• **Exercise objective**:
Print, exactly as they stand, the lines below from the one that has "Okay guys, moving" to the one that has "The base artwork", inclusive, leaving out the pictures.

(Stored items)
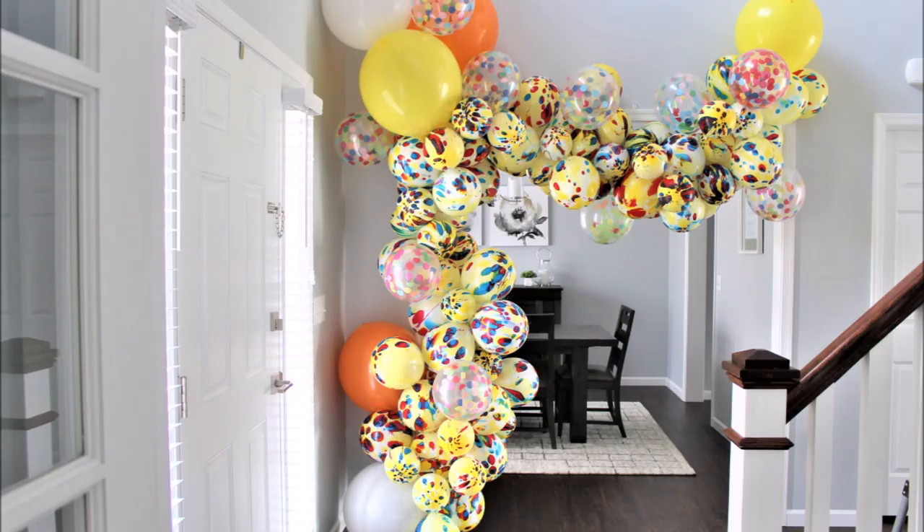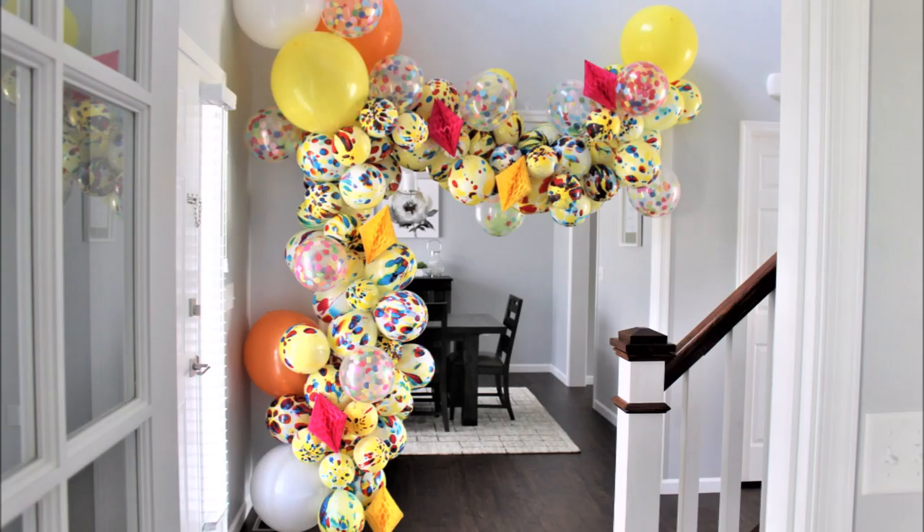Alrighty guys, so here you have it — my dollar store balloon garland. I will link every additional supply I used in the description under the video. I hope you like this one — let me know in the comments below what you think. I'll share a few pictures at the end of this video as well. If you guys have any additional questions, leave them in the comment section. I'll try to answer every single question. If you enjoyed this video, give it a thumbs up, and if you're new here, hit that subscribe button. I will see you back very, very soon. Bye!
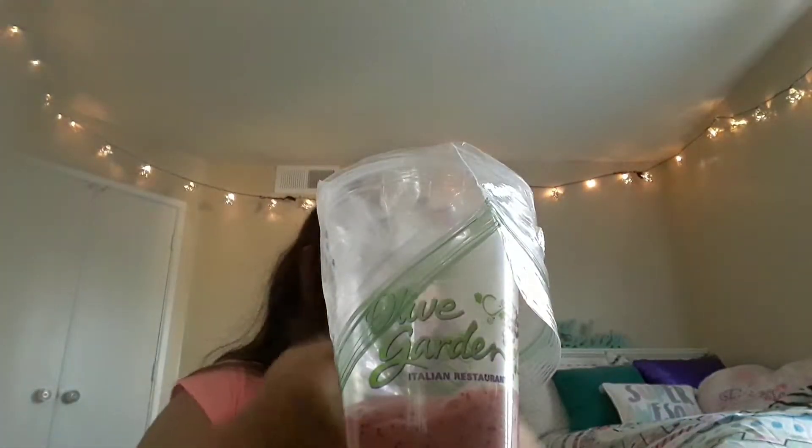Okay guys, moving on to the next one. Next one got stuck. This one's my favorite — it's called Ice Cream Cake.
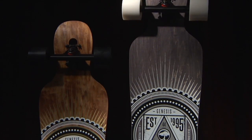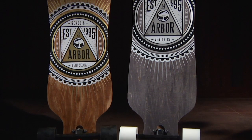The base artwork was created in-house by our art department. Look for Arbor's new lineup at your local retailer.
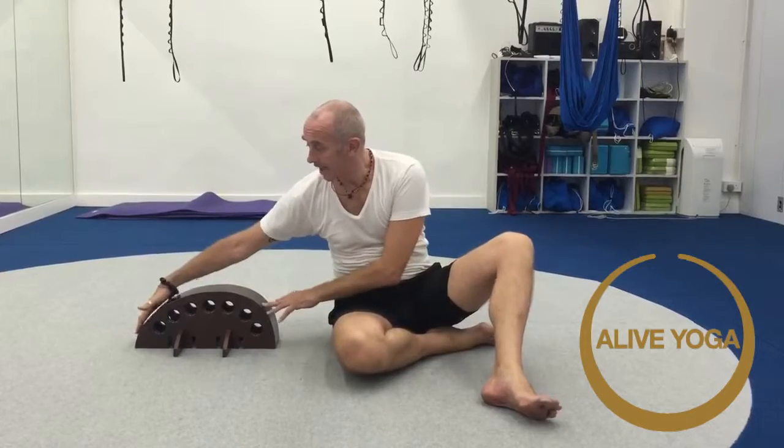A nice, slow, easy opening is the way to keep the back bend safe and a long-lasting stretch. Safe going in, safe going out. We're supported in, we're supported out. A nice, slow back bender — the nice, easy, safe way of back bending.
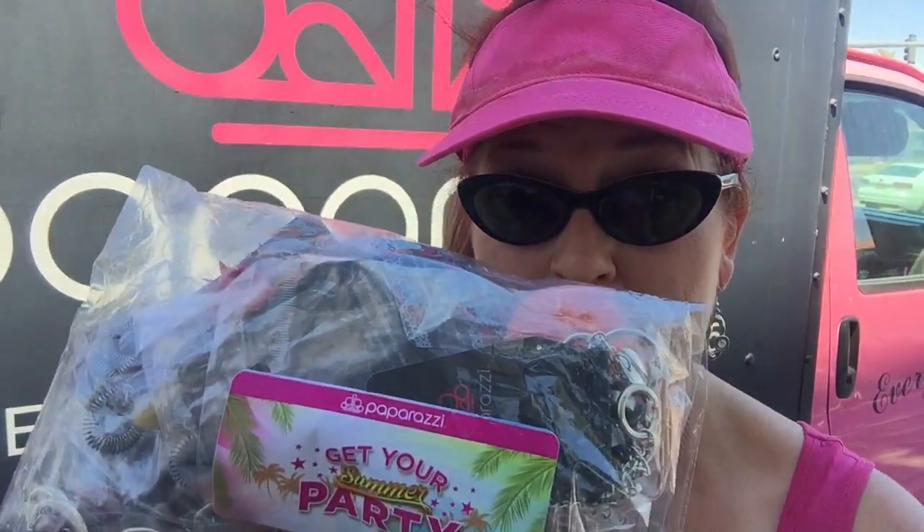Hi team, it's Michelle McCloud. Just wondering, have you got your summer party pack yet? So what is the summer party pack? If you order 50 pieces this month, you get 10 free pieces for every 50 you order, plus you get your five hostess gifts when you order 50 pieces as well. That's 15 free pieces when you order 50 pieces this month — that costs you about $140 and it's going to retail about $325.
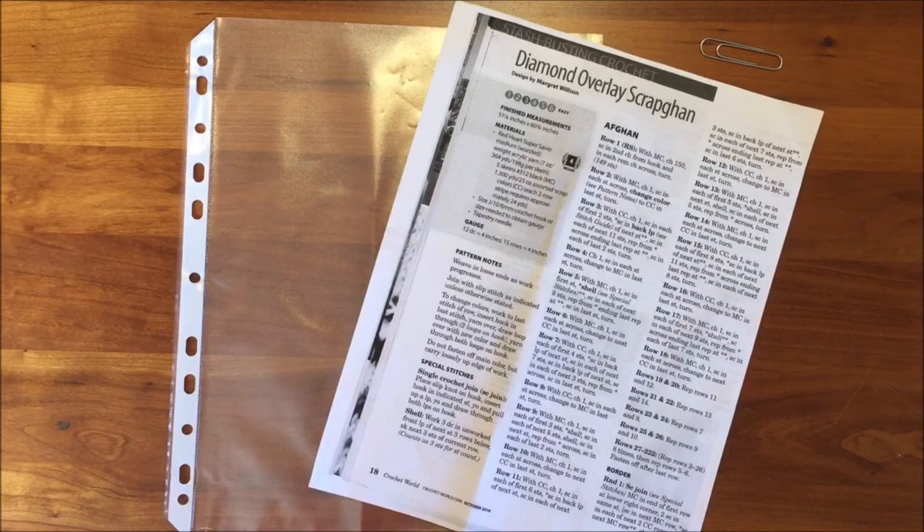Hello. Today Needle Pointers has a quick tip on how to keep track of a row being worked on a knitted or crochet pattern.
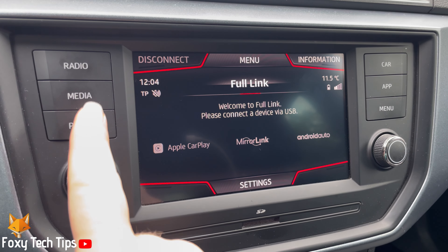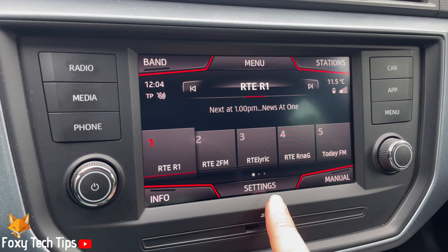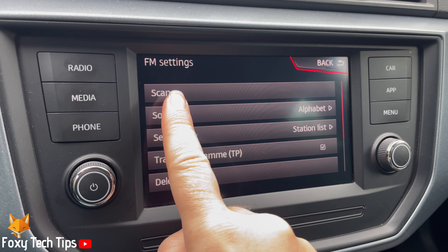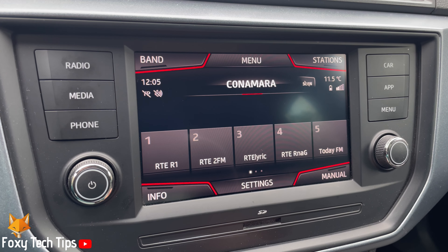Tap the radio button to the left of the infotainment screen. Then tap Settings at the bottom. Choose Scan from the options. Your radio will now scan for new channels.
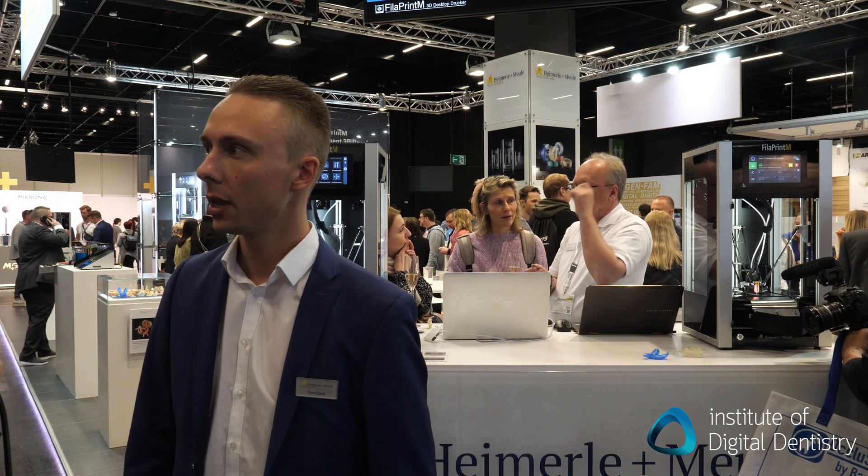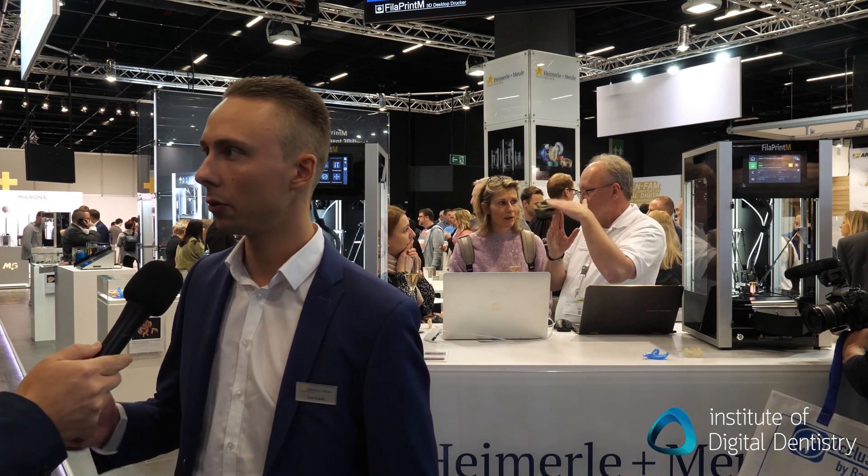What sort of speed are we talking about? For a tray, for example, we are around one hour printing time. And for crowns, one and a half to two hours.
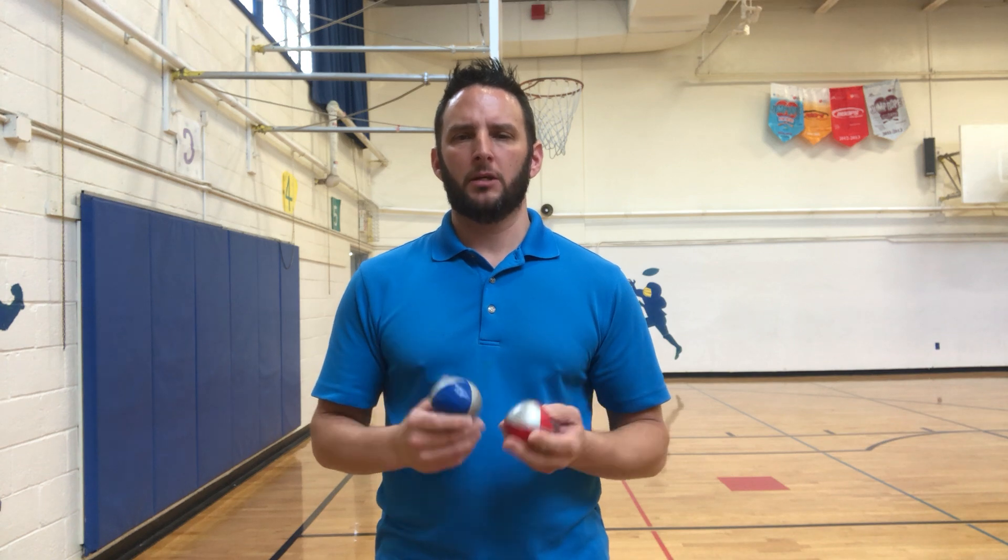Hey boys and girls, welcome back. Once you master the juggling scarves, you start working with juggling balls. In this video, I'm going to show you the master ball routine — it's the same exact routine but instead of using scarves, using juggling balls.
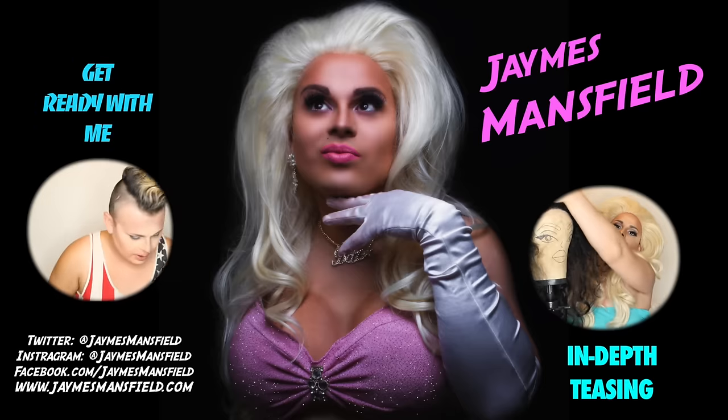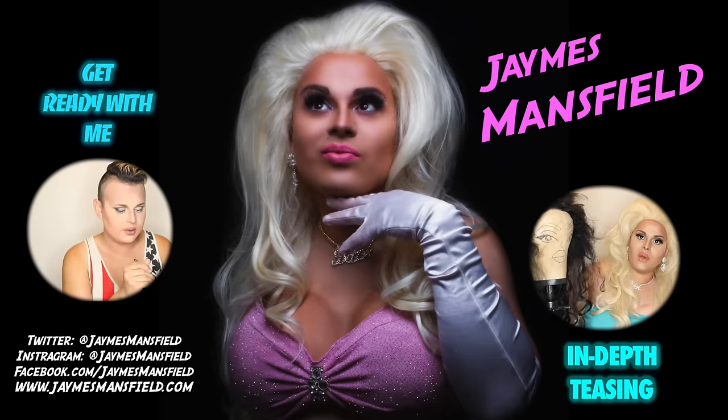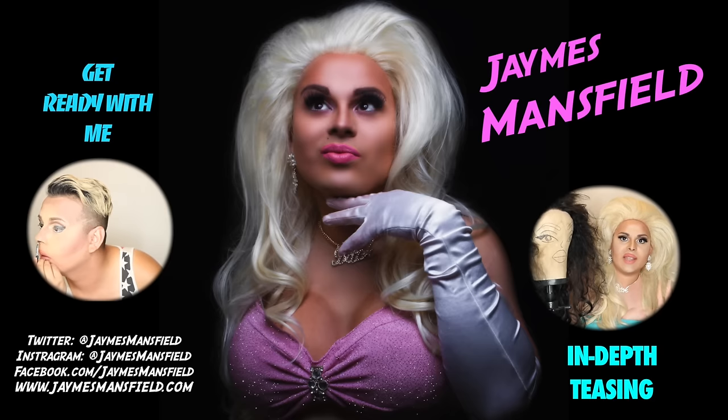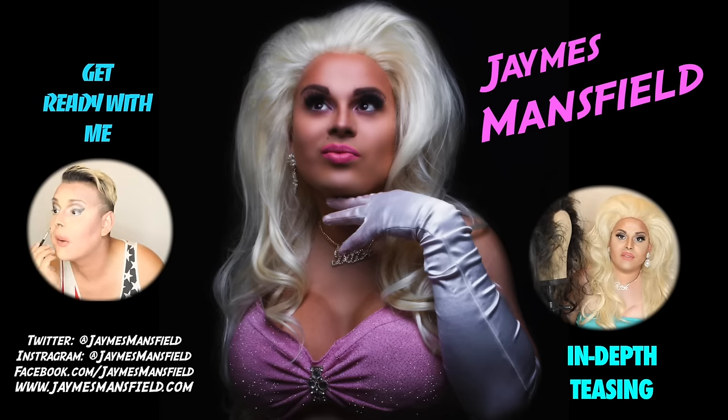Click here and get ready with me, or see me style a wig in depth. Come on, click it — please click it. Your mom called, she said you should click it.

• **Response area**:
Okay guys, moving on to the next one. Next one got stuck. This one's my favorite — it's called Ice Cream Cake.
The base artwork was created in-house by our art department. Look for Arbor's new lineup at your local retailer.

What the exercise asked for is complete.